I was in San Francisco for GDC 2023. The last time I was at GDC was 2011, as a poor student, so I won’t pretend to be intimately familiar with the conference. I didn’t do much networking, though I did catch up with a few friends I haven’t seen in a while.
Good talks
I attended over a dozen GDC talks Wednesday to Friday, since I got the Core Pass. (Monday and Tuesday’s agenda was mostly for the Summit Pass.) I tried to sample different types of content, though my natural interests gravitated me towards 3 themes – game design, product management, and leadership soft skills.
“The Science of Managing Transitions During Crisis” and “Tell Me What to Say: Active Feedback Techniques for Teams” were my 2 favorite talks out of those that I attended. I was quite surprised by this, as I’m usually a bit on the jaded and cynical side when it comes to “business self-help” types of content. But those speakers totally won me over with their timely content which was well tailored to the quirks of the games industry. And their sharp public speaking skills left an impression – at a particularly soul-searching moment in “Tell Me What to Say”, Drew Kugler (a veteran executive coach) stared down the audience and pronounced: “YOU are here (at this talk) for a reason”.
I also greatly enjoyed a number of the design talks. “Designing ‘Marvel Snap’” was predictably enjoyable, despite Ben Brode on the verge of losing his voice. “Cards, Dice, and RNGs: Using Randomness Intentionally” paired well with “‘Good Numbers’ in Game Design“, and both were educational and practical. I also quite liked “Layered Battles: Generating Multiple Qualitative Tactical Battles for ‘Mario + Rabbids: Sparks of Hope’“, as it directly related to something we’re tackling at work.

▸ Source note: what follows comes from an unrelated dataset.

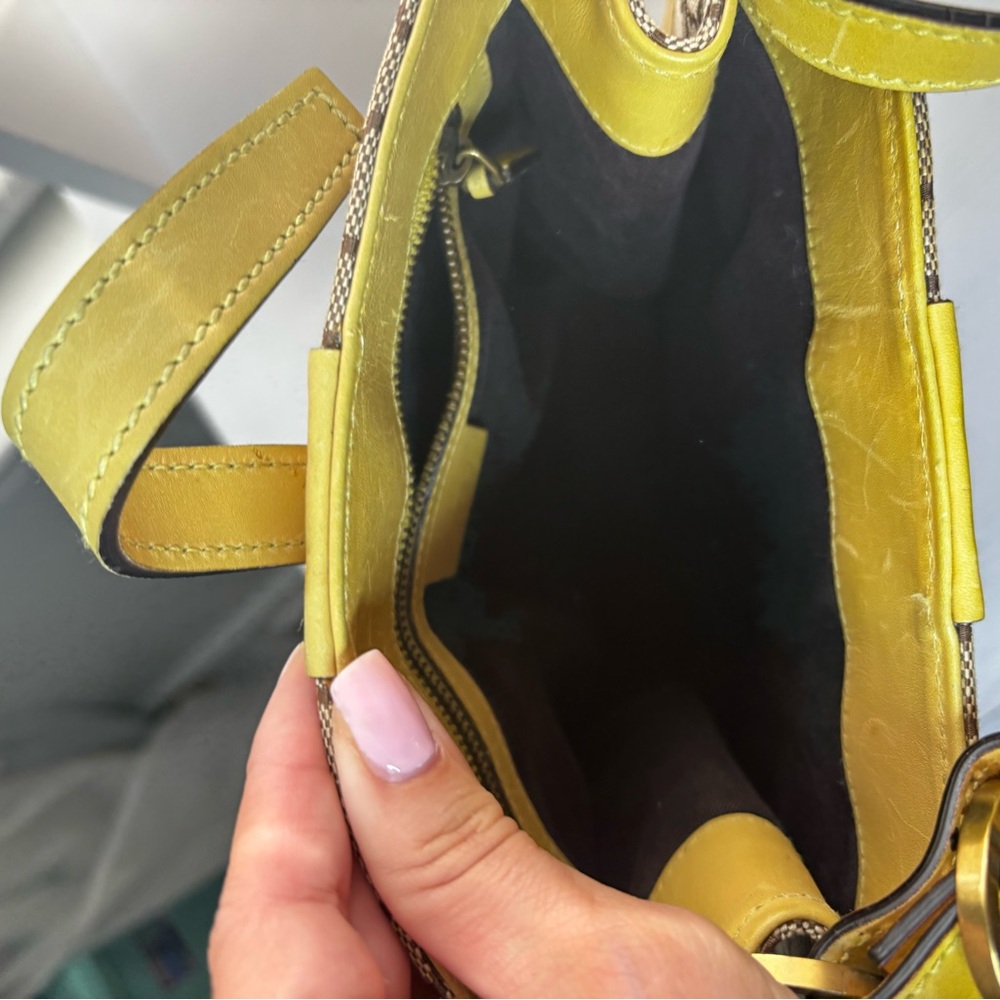 GUCCI GG Canvas Shoulder Bag Beige Yellow - Picture 10 of 12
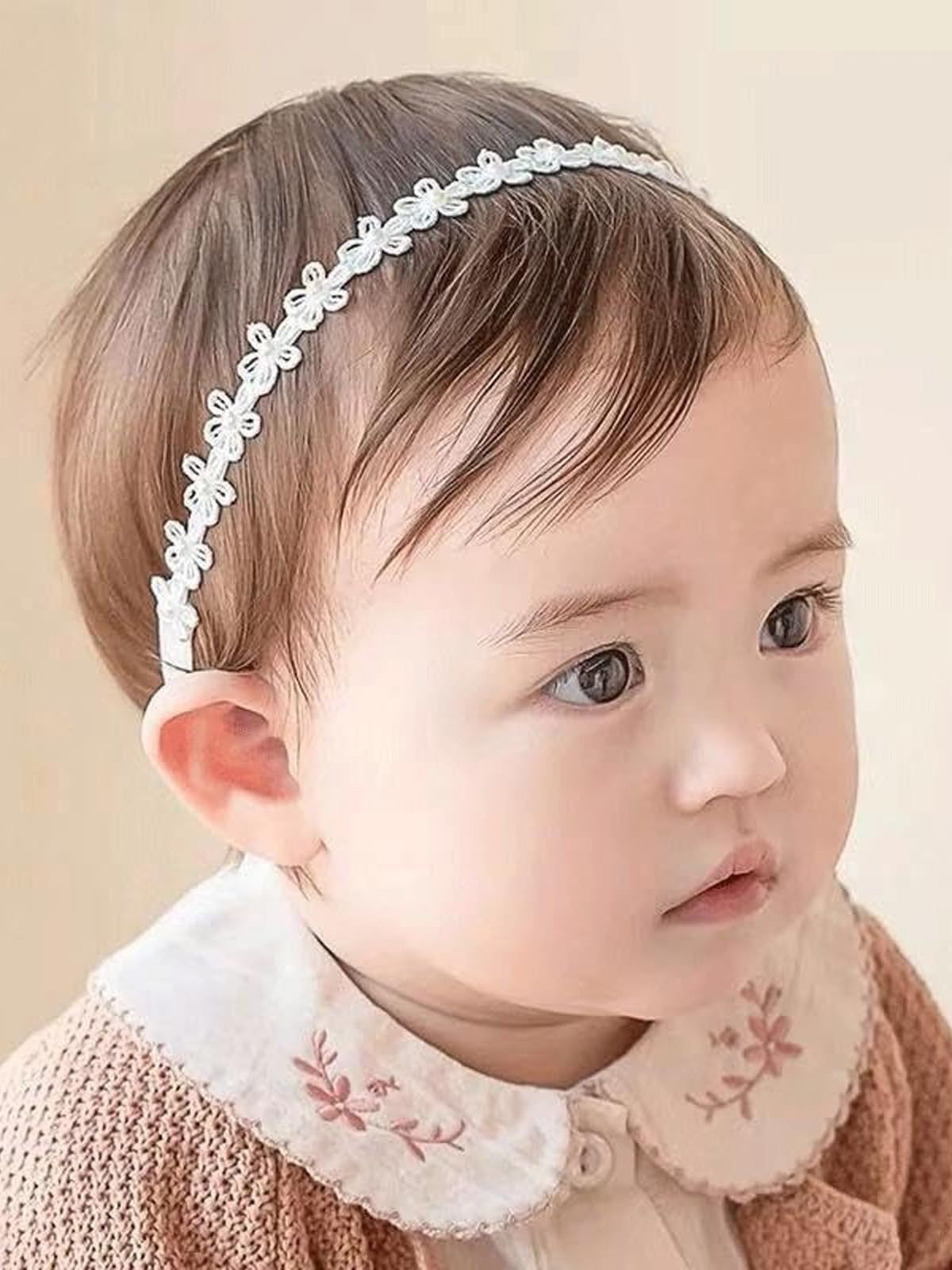 Fascia Per Bambine In Pizzo Con Fiocco - Morbida Ed Elastica - Foto 2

I’d be amiss to not also mention “Prioritizing Roadmaps for Growth: Simplified Framework for Small and Growing Teams“, which was a short, sweet and uber-practical talk for product managers. In small teams I’ve been on, it’s common to eschew the more rigid dev processes (anyone love playing planning poker?), but far too often teams just end up suffering from a lack of process. The framework shared in this talk felt light enough to be adopted.
Expo floor
I squeezed in a couple of hours to walk the expo floor. It’s always a good reminder of how mature the modern video-games industry is: just look at the vast amount of suppliers providing various tools and middleware, and how specialized some of the solutions were – there was a vendor dedicated to motion capture of fingers. I’m guessing that maybe AI will take over the expo floor properly next year; for 2023, VR/AR and web3 booths are still around, and paying good sponsorship fees.
It may be a bit of a cliché, but I do believe you can get a sense of the players’ standings in an industry just by measuring the size and production value of their expo booths. In that regard Epic / Unreal Engine certainly seemed to have one of the biggest spaces, and they had a good crowd.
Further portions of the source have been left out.